Bertrand Badie : Le Sud global n’a pas de signification géographique, puisque certaines nations qui se revendiquent sous ce label sont au Nord et vice versa. Il s’agit de l’ensemble des pays qui étaient exclus de la gouvernance mondiale et qui, parce qu’ils sont majoritaires démographiquement et de plus en plus puissants économiquement, veulent s’émanciper de toutes sortes de dominations. C’est en quelque sorte l’alliance de ceux qui ont été humiliés et marginalisés dans le système ancien qui a été pérennisé à la fin de la guerre froide.

Bien qu’étant historiquement un acteur majeur, la Russie joue avec un certain succès la carte de la défense des exclus de l’ordre international. Les revers de la Russie en Ukraine et son exclusion du système international rencontrent en effet un écho chez ceux qui se sentent victimes de la domination occidentale.

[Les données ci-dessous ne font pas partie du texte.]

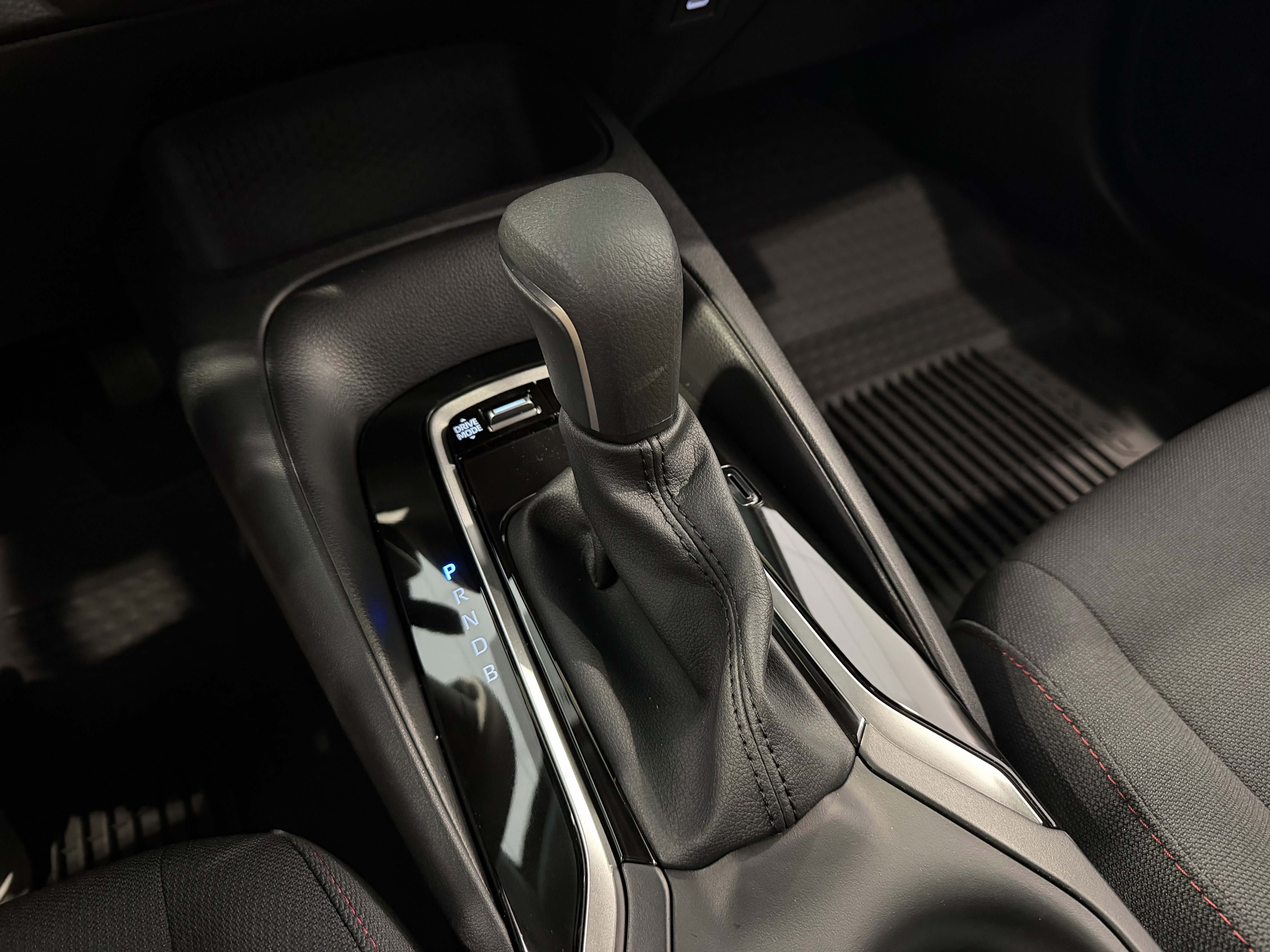 2026 Toyota Corolla SE - Photo 39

Donc, le rejet de la domination occidentale serait le premier facteur qui unit ces pays…

Bertrand Badie : On commettrait une erreur en limitant les dynamiques actuelles à la contestation de l’hégémonie occidentale, laquelle est par ailleurs de moins en moins évidente. Ce qui se décide aujourd’hui, c’est une volonté de construire politiquement la mondialisation. Les gouvernements occidentaux ont longtemps cru que la mondialisation était leur produit et qu’elle ne remettait pas en cause leurs projets historiques. Or, au fil du temps, elle a profité davantage aux pays dits émergents, devenant un instrument d’endiguement, voire de contestation de la domination occidentale. Lorsque le Vieux Monde s’est rendu compte des incertitudes provoquées par cette mondialisation, il était trop tard.

À vous entendre, on a le sentiment que l’Occident a déjà perdu…

Bertrand Badie : On constate la faillite des institutions multilatérales dans leur versant politique et sécuritaire, que ce soit le Conseil de sécurité de l’ONU, la Banque mondiale, le FMI, autant d’organisations où les Occidentaux dominent. Quant à l’hégémonisme militaire américain, il ne leur a pas permis de gagner les guerres du Vietnam, de l’Afghanistan et de l’Irak.

Mais les jeux ne sont pas faits. On ne sait rien de la capacité de convergence de ces États du Sud qui, dans leur rejet de l’Occident, peuvent être unis mais qui, dans la réalité de leur accomplissement, sont loin d’être sur la même ligne. Regardez le conflit sino-indien, l’instabilité incroyable du Moyen-Orient, les prédations commises par certains États africains sur leurs voisins. L’autre grande interrogation concerne l’avenir de la mondialisation elle-même et les formes nouvelles de contestation qu’elle engendre.